Monday, July 17, 2006

The sighted that will never see

The following is an example of today’s posting at Killcastro. It is in Spanish, but it talks about people like Manuel Marquez-Sterling, the writer of the article below that did not let the opportunity go by without responding to a misguided collegiate and let her get away with espousing her blinded romantic view of communist paradise. We are not many, but we are centainly loud.
My Turn
Writer blind to sad truth about Cuba
By MANUEL MARQUEZ-STERLING
For the Monitor

Much is wrong with student Elizabeth Morrow's article "Why not Cuba?"(Sunday Monitor, July 2). Her comments about what she saw and heard while in Cuba - the generosity of the Cuban common people, their beautiful music, etc. -must be attributed to the reactions of a young scholar with some credit hours beyond an undergraduate degree. During my years of teaching history, I read hundreds of essays that, like hers, let enthusiasm blur the real picture.
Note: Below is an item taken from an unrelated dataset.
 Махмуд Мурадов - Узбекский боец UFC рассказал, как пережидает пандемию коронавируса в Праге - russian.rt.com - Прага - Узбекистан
Ms. Morrow wants the United States government to allow all Americans, without restrictions, to travel freely to Cuba based on the point that we permit it with China, a grand violator of human rights. In other words, Ms. Morrow proposes that two wrongs would make a right. Human rights violations are universal, and if we erred in China, as we certainly did, we should not compound it with Cuba.

Besides getting her facts wrong about Cuba before the revolution, (the old tired story of gambling and prostitution), Ms. Morrow calls attention to the generosity, kindness and beautiful music of the Cuban people.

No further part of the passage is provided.